See: How to Make a Complete Map of Every Thought you Think [pdf]
An excerpt from the introduction (tldr: beware of eating yourself):
I think you'll get more concrete suggestions if you explained what you hope to accomplish with this proposed task.
I've settled for (1) keeping a structured list of all books from which I've learned something worthwhile, and (2) a log for current ideas (with no more than a few short entries a week). This is sufficient to locate and efficiently relearn most barely-remembered ideas when they become relevant again.
Writing down everything you know seems pretty pointless. Writing down everything you fear forgetting might give you a smaller but more useful list, since it lets you cull out anything you're in no danger of forgetting (e.g. all the arithmetic facts) as well as anything you wouldn't care if you forgot (e.g. the vast majority of knowledge in your head).

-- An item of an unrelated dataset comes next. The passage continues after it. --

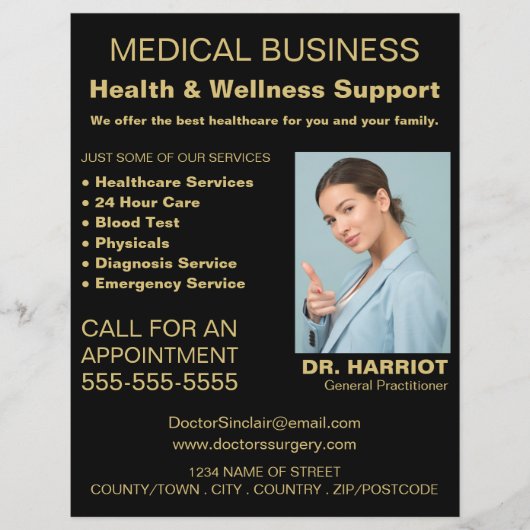 パーソナライズされたロゴ、一般開業医、ナース チラシ (正面)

I actually sort of do this, in a private git repository where (alongside lists of interesting typically-paragraph-sized quotes) I keep lists of interesting (typically-sentence-fragment-sized) topic names. Sometimes the names serve as mnemonics that merely remind me of an interesting fact I once encountered but haven't thought about recently (e.g. "Rai stones"). Sometimes I'll skim through the lists and encounter a topic that I've completely forgotten about (e.g. "burying the corpse effect") and I'll quickly Google to see why I once thought it was so interesting to begin with. A little organization helps. E.g. "burying the corpse effect" was in my "economicsbits" file under the hierarchy "Financial markets, investment", "Market manipulation", "Cornering the market", so it was easy to tailor web searches to lead me to results from economists rather than morticians.

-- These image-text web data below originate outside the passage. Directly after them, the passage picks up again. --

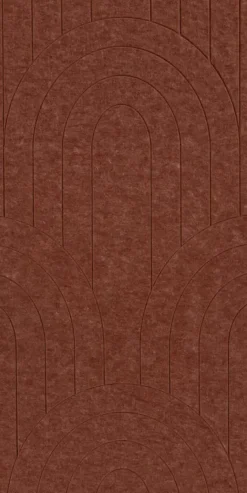Viltpaneel gebogen lijnen terra 120x60 cm 2 stuks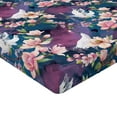thumbnail image 4 of Ambesonne Vintage Fitted Sheet, Crane Birds Flowers Plot, Twin Size, Eggplant Petrol Blue, 4 of 5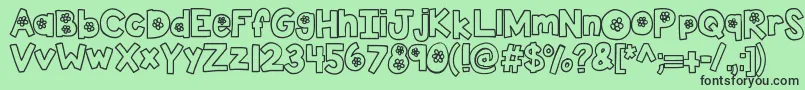 Kbtheflowerfarm Font – Black Fonts on Green Background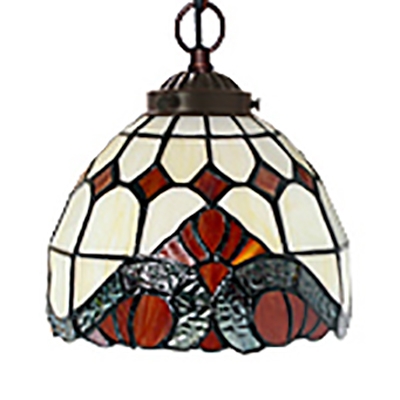 Tiffany Style Cone/Dome Pendant Lamp Glass 1 Light Stained Glass Hanging Light for Dining Room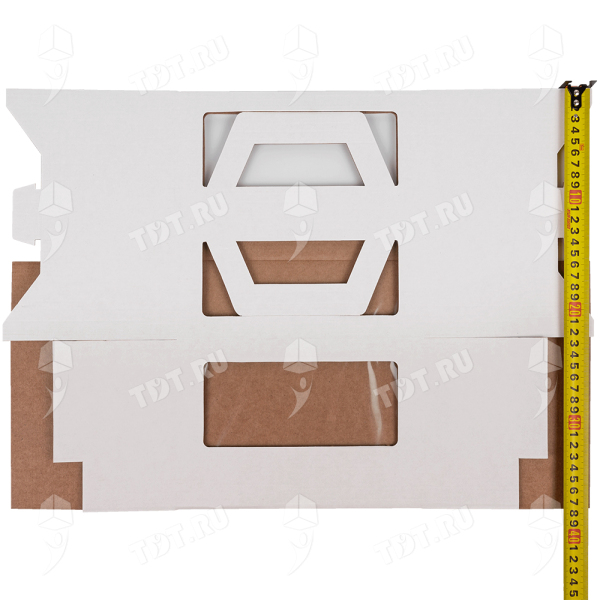 Короб для торта, с окнами и ручками, белый, 220*220*150 мм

I don't know if this is useful for anything more than entertainment. TimS had a very good question here.
I started something like this awhile ago. I was trying to write papers for one of my classes and couldn't find a reference I needed. After about the third time this happened, I figured I ought to make some kind of searchable list of references with summaries about what they contain, and links to the file. I use a google document now, with summaries of books I've read and notes from my classes, in addition to references. What I really want is something like workflowy where I can collapse bulleted points. Workflowy would be fine, but I'd be worrying about going over their limit and having to pay for it, since I have a lot of bullet points. In the meantime, I use google docs' "table of contents" feature so I have that orderly list I want.
I don't put "everything" in it. My general rule is that it has to be either useful, something I'd likely forget, or something interesting. I also link to everything so I don't have to search my history.

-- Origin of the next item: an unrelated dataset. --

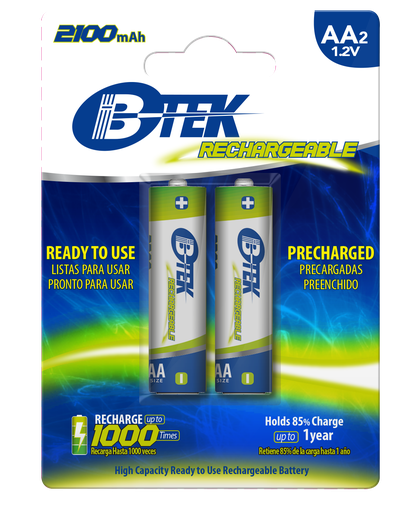 [8008506800027] BTEK BRC-MH3 Baterías Recargables Precargadas AA 1,2V 2100 mAh Blister/2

What do you mean by everything? Surely not literally everything?
The value/work ratio seems pretty low to me. Is this going to help you achieve your goals? If so, how? If not, is it fun enough to be worth it for that reason?
Writing down only every arithmetic fact you know, assuming you have basic knowledge of math, would, in theory, take an infinite amount of time. In practice, the universe would end first.
Your mind doesn't have an infinite amount of memory so that can't be the case. You could use your mind to generate an infinite amount of arithmetic facts, but just recording the knowledge already there would be much faster. And if you are doing this for practical purposes, I imagine you would limit yourself to just relevant or interesting facts or beliefs, and not literally everything.